What you can expect from Scott Morrison's third Budget
Here's my analysis of what Treasurer Scott Morrison has already announced, together with a few tips from the crystal ball.
Setting the scene
This is almost certainly the last Federal Budget before the next general election.
That means the treasurer will be keen to avoid any nasty surprises and will focus his efforts on building the feel-good factor around his government. Aided by better-than-expected tax receipts, he has money to play with.
Bye-bye Medicare increase
Morrison has already announced one of the key tax measures.
Last week he unexpectedly stated that the planned increase in the Medicare levy from 2% to 2.5%, which was to come into effect in July next year and was only announced in last year's budget, will not now go ahead. The extra levy was intended to help finance the National Disability Insurance Scheme.
The government now claims that increased tax revenues mean the money raised by the levy increase is no longer needed.
A personal tax cut?
The treasurer has strongly hinted that he will announce personal tax cuts.

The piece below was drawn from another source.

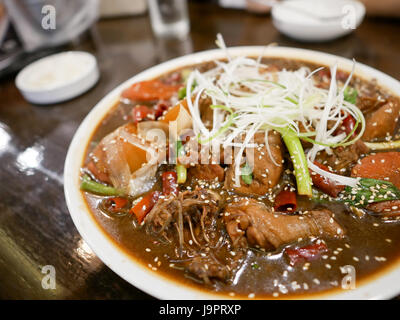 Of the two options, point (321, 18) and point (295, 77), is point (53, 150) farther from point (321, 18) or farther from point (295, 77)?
point (321, 18)

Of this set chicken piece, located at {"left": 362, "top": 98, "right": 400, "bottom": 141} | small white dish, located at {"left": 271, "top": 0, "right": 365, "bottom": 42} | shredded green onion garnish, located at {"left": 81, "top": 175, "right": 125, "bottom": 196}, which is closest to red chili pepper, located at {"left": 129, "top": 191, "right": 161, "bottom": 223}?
shredded green onion garnish, located at {"left": 81, "top": 175, "right": 125, "bottom": 196}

We don't yet know the exact form that those cuts will take but it's likely that the focus will be on lower and middle income earners and they could take the form of either changes in the income tax thresholds, cuts to the tax rates or a mixture of both.
There seems to be no political appetite for wholesale changes to our system that allows taxpayers to claim deductions for expenses they incur as part of their jobs.
Last year, though, we saw the government take aim at some of the individual deductions claimed by property investors and that more targeted approach could be taken this year with some individual work-related deductions. By way of background, the Australian Tax Office (ATO) has strongly pushed back against perceived over-claiming in relation to some expenses.
I wouldn't be surprised to see the government seeking to change the law to stop some of those claims, particularly for work-related clothing, which is an area that the ATO has focused on over the past year.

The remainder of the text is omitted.